“Always innovate” was one of the first big lessons a friend from IBM taught me way back in the 1980s. IBM had just announced the Dealer Service Option, the company’s service contract for the IBM PC line of business.
At the time, I was working at The Computer Factory and I asked my IBM Channel Services Marketing Manager why IBM felt the need to compete with us, and he answered, “That’s what we do. We’ll always be selling what you sell. The good news is that it will validate what you do, and we always price higher than you. But to stay ahead of us, you must always be innovating new services and new solutions to sell to your customers.”
That has been my New Year’s resolution every year for the past 30 years. Here are other resolutions that have served me well.
I’m going to focus on partners who really partner with me.
Since the channel has always been partner-driven, this is the most important—and probably the most beneficial—resolution you can possibly make.
Who really partners with you? Many channel Websites are chock-full of vendor-partner logos, but that’s like saying “I date Rhode Island.” You simply can’t maintain that many truly meaningful partnerships. Ask yourself these questions:
–Which partners really need me more than I need them?
–Which partners have products that really drive more service opportunities that are really profitable for me? Which can I install, provision, deploy, migrate, upgrade, update, train, support, manage and more?
–How much service revenue did I generate last year based on each partner’s products?
–Which partners actively share well-qualified opportunities, not just leads, with me?
–Which partner managers truly work to manage me and help me manage my business productively?
–Which partners are truly concerned about my success and my business growth?
Time is your greatest enemy. The more of it you spend on non-productive partners, the less you get to spend with real, devoted partners. It’s more than just a word. It describes the quality of a relationship.
I’m going to drive my marketing, and not let anyone else drive me.
An executive from a major vendor once asked me why so few of its partners were using its marketing materials. I replied, “Because all of your stuff is about you.”
Let’s face it, you don’t want to send out the same marketing materials that everyone else in your market is sending. You want to market your own company, your strategic competitive advantages, your big differentiators.
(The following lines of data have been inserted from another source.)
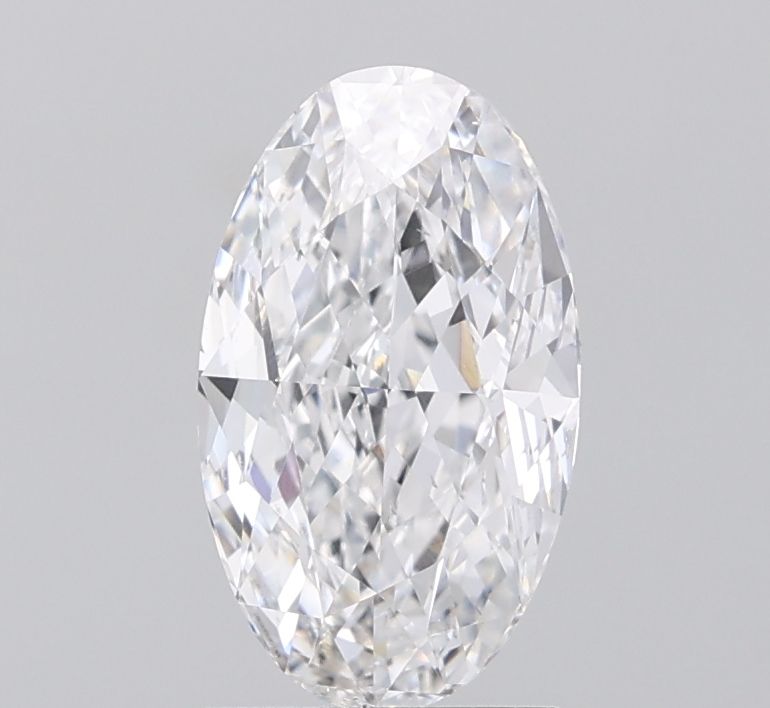 2.01 ct. oval Lab Grown Diamond front image
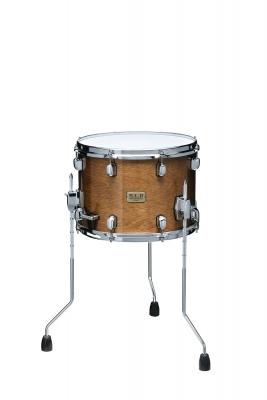 TAMA  Lbh1410l-Tpm S.L.P Duo Birch - Caisse Claire Tom Basse 14"X10" - Transparent Mocha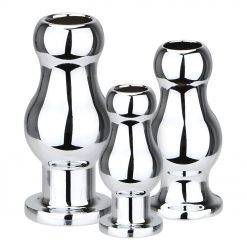 Olo, plugue anal oco de metal, dilatador anal, plug anal, estimulador de ponto g, plug anal, brinquedos sexuais para mulheres e homens Inserção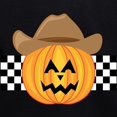thumbnail image 3 of CafePress - Western Halloween Cowboy Pumpkin - Kids Sweatshirt, Youth Crew Neck Sweatshirt, 3 of 4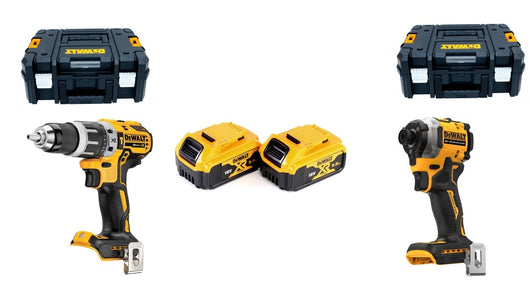 Kit utensili DeWalt 18V impulsi DCF850 + Trapano DCD796 + 2 batterie 5 AH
Realizing that vendors may fund much of your marketing, it’s still possible for them to work with you to help you drive your services and your business messaging while amplifying it by demonstrating the great value you can help deliver that is driven by their products.
Resolve to stay in the marketing driver’s seat this coming year. You call the shots. Forget the “program” or the packaged marketing offerings they’re shoving on you. They may provide some financial support, but the time and effort you and your people have to invest are costly, too. You deserve the level of control that will deliver real results for you as well as your partner. That’s the real definition of “win-win.”